Обрамлявшая в 2016-м спектакль сюжетная рамка, в которой, переступив порог комнаты, героиня засыпала на широкой кровати и в ней же просыпалась, вдоволь насмотревшись метерлинковских снов, теперь укреплена новыми подробностями. Девушка в свадебном платье входит в номер отеля, держа у лица окровавленный платок. Отбросив его, она идет в соседнее помещение с раковиной и туалетом и вполне натуралистично использует тест на беременность. Спустя несколько минут заторможено возвращается в спальню, не отрывая взгляда от теста-полоски. Накатившее на нее забытье оказывается немилосердным: вместо картины на стене в комнату прорастает могучее дерево, из половиц пробивается трава, а саму героиню, покинувшую островок кровати, две суровые служанки в черном переодевают в облегающее красное платье (художница по костюмам Хлоя Лэмфорд), кантуя на полу, как безжизненный манекен. Дальше – больше: у Мелизанды появляется двойник, причем внуки Аркеля – Голо и Пеллеас (Хью Монтегю Рендалл) – двойничества не осознают и женщин, как и вся семья, не различают.
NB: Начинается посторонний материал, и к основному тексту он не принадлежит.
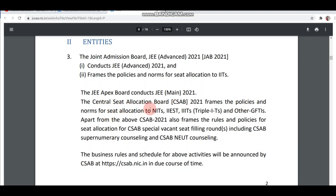CSAB is the authority for all systems, policies, and norms. This is the same for the special round of CSAB as well — whatever policies and norms are framed, they come from CSAB.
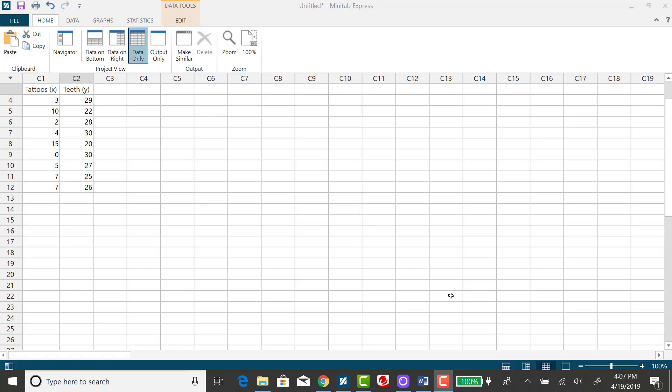I'm going to use Minitab Express to calculate the correlation coefficient for a set of paired data. I'm working with my tattoos and teeth example that I've already inputted into the first and second columns. Now, the correlation coefficient is very cumbersome to calculate by hand, so whenever you can use a statistical software package or your calculator to find the correlation coefficient, I strongly suggest you do so.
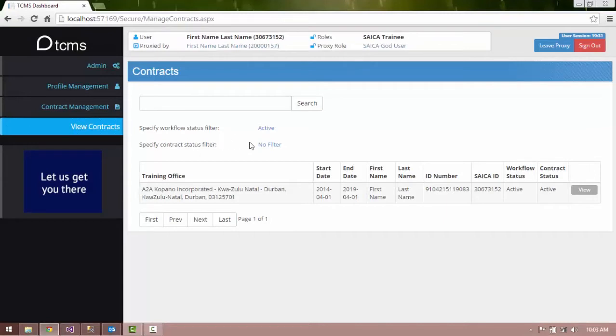Select the View option in the rightmost column of the contract you wish to apply remission for.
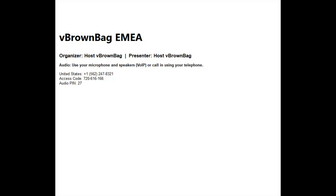Welcome to today's vBrownbag. My name is Frank, and with me today I have Chris, who's going to take us on a quick tour through Kubernetes. The session is titled 'The VMware Admin's Ticket on Board the DevOps Voyage.' As always, you can tweet us at the vBrownbag handle, use the hashtag #vBrownbag, or use the chat below to ask questions to the presenters.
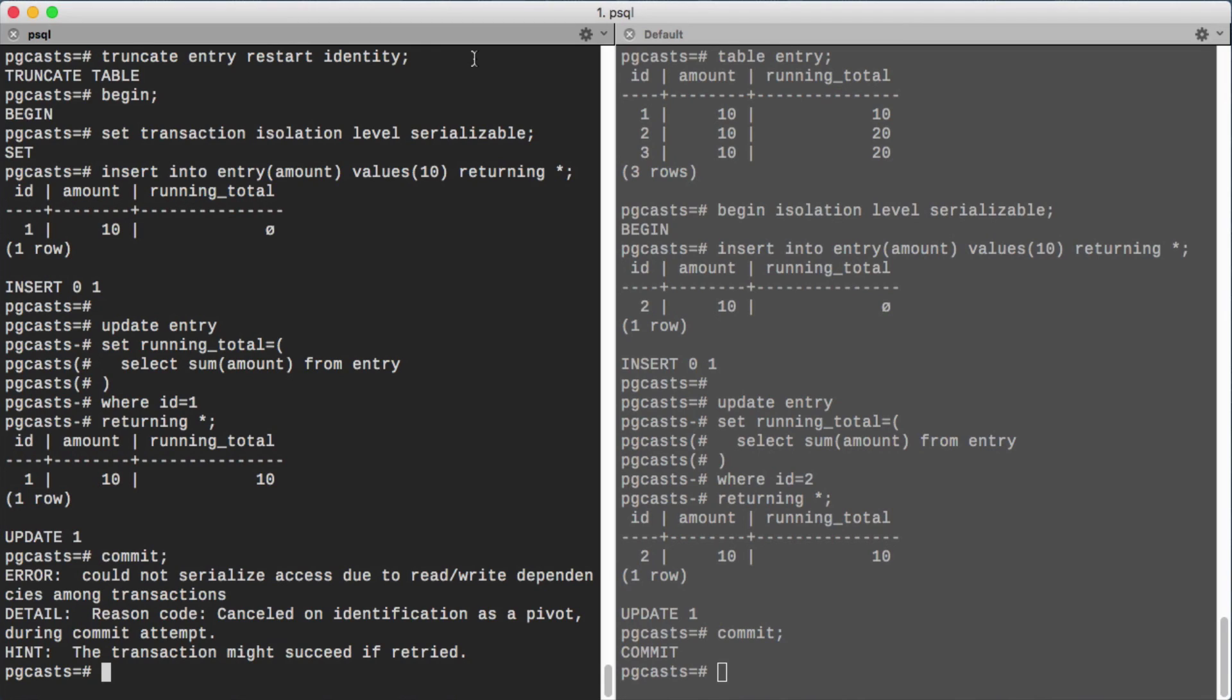More information, including about the repeatable read isolation level, a middle ground between the default and serializable isolation levels, can be found in the Postgres documentation. Thanks for listening.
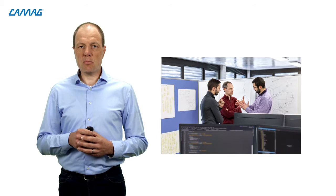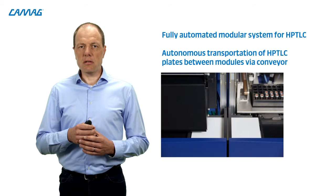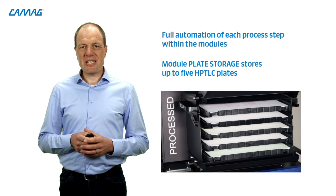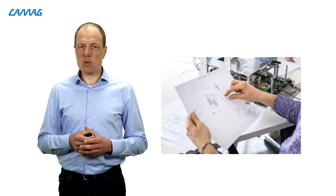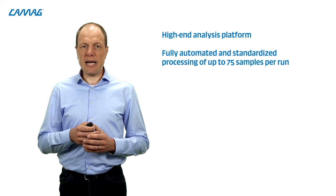The HPTLC plates are transported autonomously on a conveyor between the modules. Each process step is automated within the modules and up to five plates can be stored in the module plate storage. We designed each module from scratch, putting together our 60 years of experience in HPTLC with the latest technological possibilities. Like this, we achieved to design and produce a high-end analysis platform for the fully automated and standardized process of up to 75 samples per run at the highest level of accuracy and precision. Welcome to the next dimension of HPTLC.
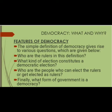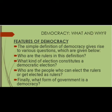What kind of election constitutes a democratic election? What conditions must be fulfilled for an election to be considered democratic? Who are the people who can elect the rulers or get elected as rulers? Should this include every citizen on an equal basis? Can a democracy deny some citizens this right? Finally, what kind of form of government is democracy? Can elected rulers do whatever they want, or must a democratic government function with some limits?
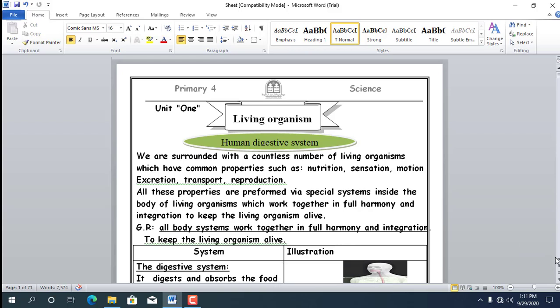So we started with the small brick which is the cell, and ended with the school which is our body. The definition of the cell: it is the smallest building unit of the living organism body. The body of living organisms is made up of a group of systems that work together in harmony to keep the human alive.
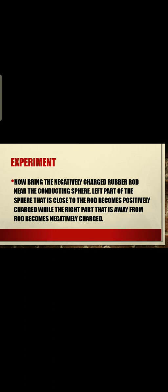Now bring the negatively charged rod near the conducting sphere. The left part of the sphere, that is close to the rod, becomes positively charged, while the right part that is away from the rod becomes negatively charged. The negatively charged rubber rod attracts the opposite charge — and the opposite of negative is positive.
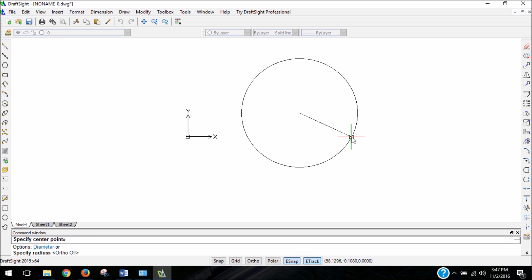Sometimes we might want to type in something based on a diameter, and we can easily calculate that, but there is an added convenience and an option with the different ways of entering information into the command window. Right above specify radius, it says options, and it says diameter in blue with the letter D underlined. For our skateboards, we have to put in bolt holes that have a 3/16th of an inch diameter. It would be really convenient if we could just go ahead and type 3/16ths in, rather than typing in the radius, since that is the dimension we're given.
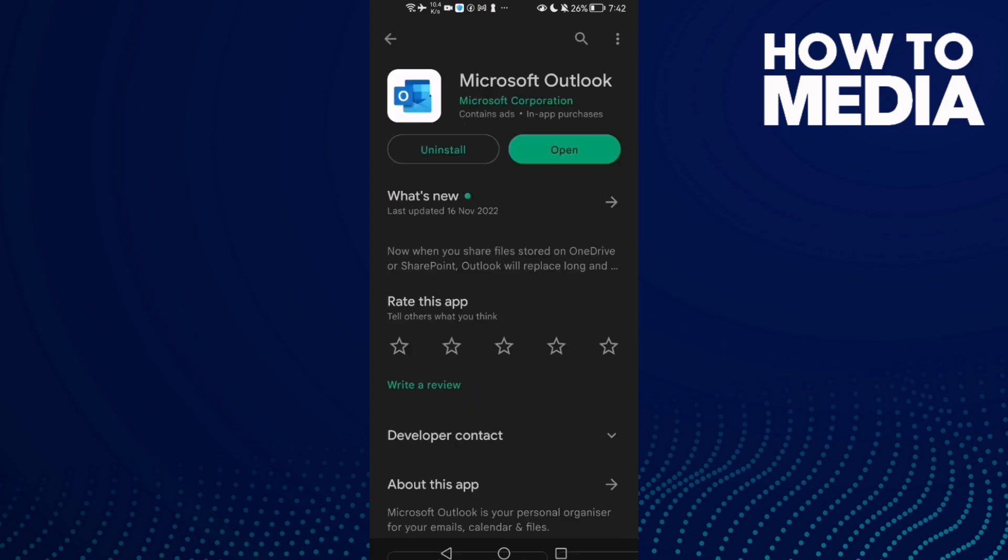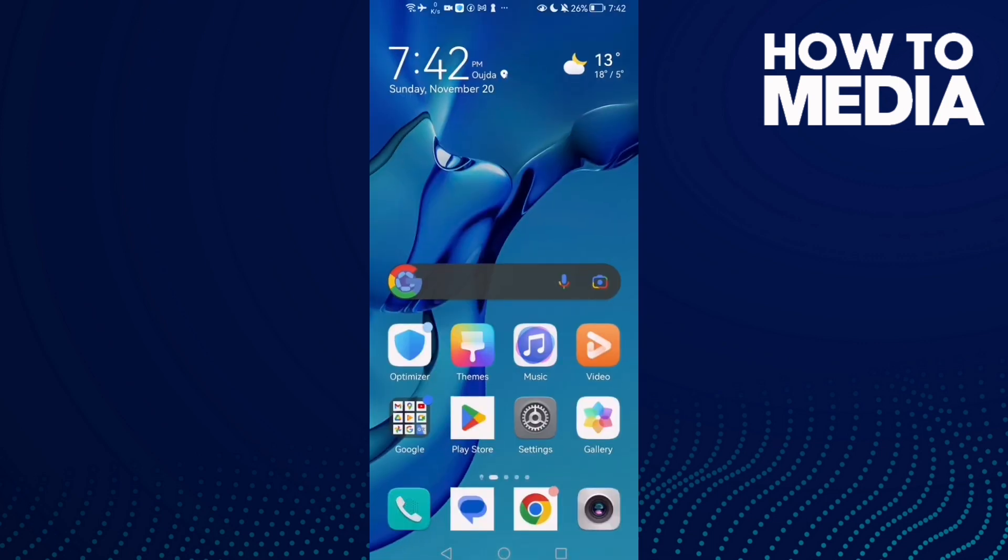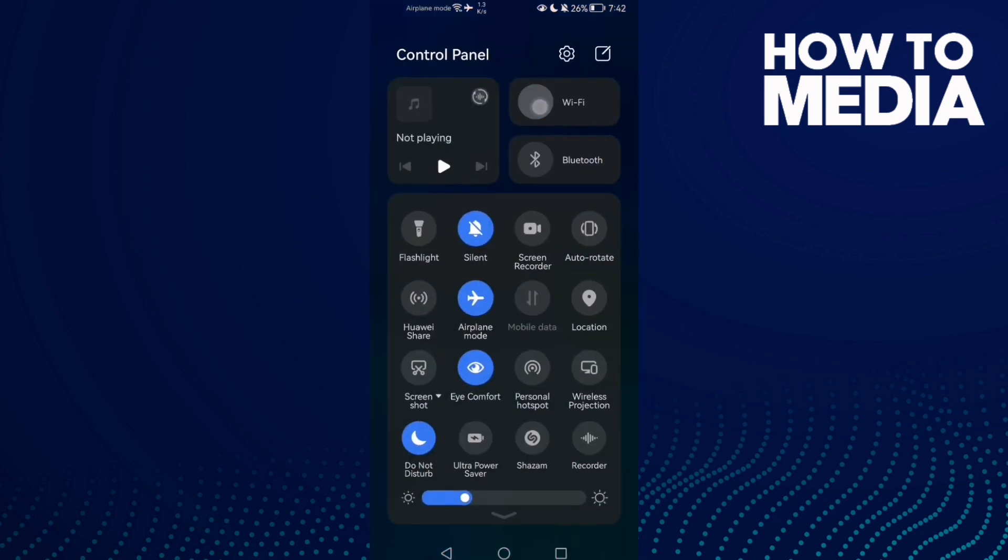Click uninstall, then install it again. After that, go back, restart your phone, and try again. If that doesn't fix your problem, turn off your Wi-Fi, then turn it on again. Go to Settings, then Apps, then Apps again, and type Outlook.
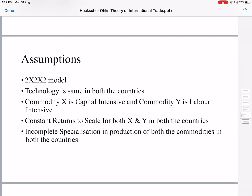Another assumption is constant returns to scale in both goods X and Y in both countries. As we have seen in earlier videos on absolute advantage and comparative advantage theory, constant returns to scale is a very rare phenomenon. Most of the time, companies will have either increasing returns to scale or diminishing returns to scale.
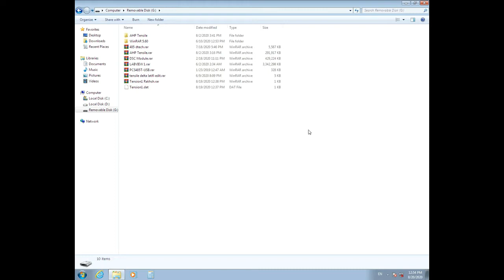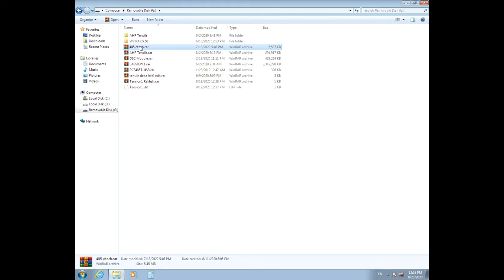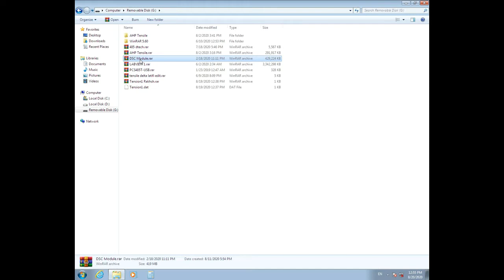You will see all the files and programs you need for your tensile machine, including HP Tensile setup, RS485 converter driver, LabVIEW and DSC module software, and connection and calibration files and data.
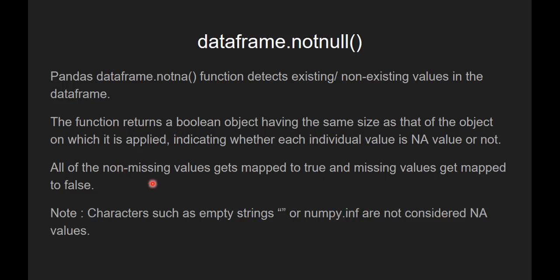All of the non-missing values get mapped to true and missing values get mapped to false. In pandas, characters such as empty string or numpy.inf are not considered NaN values.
В спектакле, помимо спальни и гостиной с обеденным столом, немало мест действия (сценография Лиззи Клачан). Они бесшумно сменяют одно другое – вплоть до заброшенного пустого бассейна, где очередное дерево проломило стеклянную стену, и узкой, уводящей в никуда железной винтовой лестницы. Последняя напоминает о не менее мрачной постановке Кэти Митчелл – «Написано на коже» Джорджа Бенджамина. Автором либретто обеих опер выступил британский драматург Мартин Кримп, давно сотрудничающий с Митчелл.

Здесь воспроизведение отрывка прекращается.